Daí o fato de que todas as lideranças políticas civis, o vice-presidente Nicolás Maduro, o ex-vice presidente e atual chanceler, Elias Jaua, e o chefe do parlamento e vice-presidente do Partido Unido da Venezuela (PSUV), Diosdado Cabello, sejam caudatárias do presidente morto. Foram criados por Chávez, por ele colocados em seus postos. Jaua deixou a vice-presidência a mando de Chávez para disputar o governo de Miranda com Enrique Capriles, principal figura da oposição. Perdeu. Chávez não tinha mais forças para fazer uma campanha efetiva por ele. Quando o presidente já estava moribundo e incapacitado de governar, Maduro, no exercício de uma interinidade claramente inconstitucional, o nomeou ministro das Relações Exteriores. Cabello, reelegeu-se chefe do parlamento, como Chávez queria. É o único, dos três herdeiros presuntivos, com relações estreitas com os militares. Tem mais poder que os outros dois, mas contra ele pesam graves acusações de relações com o crime organizado, que cresceu muito nos últimos anos, principalmente alicerçado pelo narcotráfico.
Após o enterro de Chávez, que terá certamente cenas de desespero e tristeza entre as massas populares e, provavelmente, momentos de violência contra os opositores do morto, a Venezuela vai mergulhar na instabilidade e na incerteza. As massas mobilizadas ganharão as ruas, sem um líder para dar-lhes direção. É pouco provável que as forças do chavismo, as três lideranças já citadas, Maduro, Cabello e Jaua,  Adán Chávez, irmão, governador de Barinas, fundador do PSUV e militante histórico da esquerda venezuelana, e Jorge Areaza, o genro, atualmente ministro da Ciência e Tecnologia, se mantenham unidas. Ao contrário, muito provavelmente, disputarão o legado de Chávez e a liderança do chavismo sem seu chefe maior. Povo mobilizado, enraivecido, frustrado, consternado e sem direção nas ruas e divisões internas no governo, nunca deram bom terreno para a democracia e a estabilidade.
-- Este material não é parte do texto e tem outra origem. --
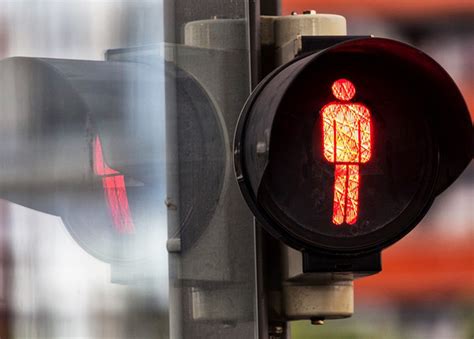 Pedestrians Traffic Signals A Complete How To For Pedestrian Lights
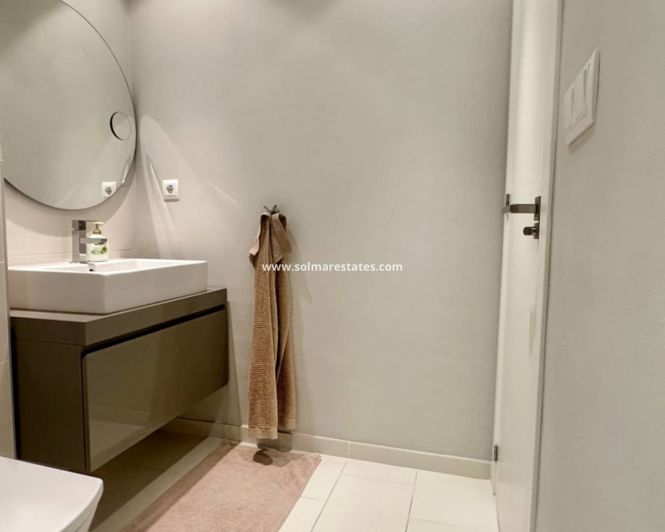 Image No.22-2 Bed Apartment for sale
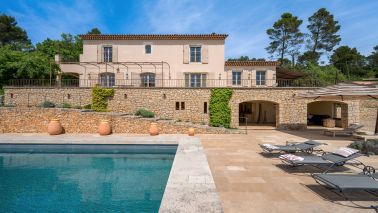 bastide 6 Pièces en vente sur COTIGNAC (83570)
A Venezuela viverá momentos turbulentos sem Chávez e o resultado final é completamente incerto. Certo é que, antes de um desfecho, uma nova ordem, o país passará por densas e tumultuosas nuvens. É possível que sejam convocadas eleições em 30 dias, como manda a Constituição. Maduro tentará, com certa vantagem, eleger-se presidente. É esperado que Capriles, o enfrente. Capriles tem a vantagem de ter tido boa votação contra Chávez e a desvantagem de ser contra Chávez. Maduro tem a vantagem de ser identificado com o chavismo e com Chávez, seu vice-presidente, declarado pelo finado presidente como seu continuador, e a desvantagem da falta de carisma e, sobretudo, de credibilidade. Nada é certo na Venezuela, após 14 anos de comando com mão de ferro, centralizado pela figura carismática, bombástica, irônica e histriônica de Hugo Chávez.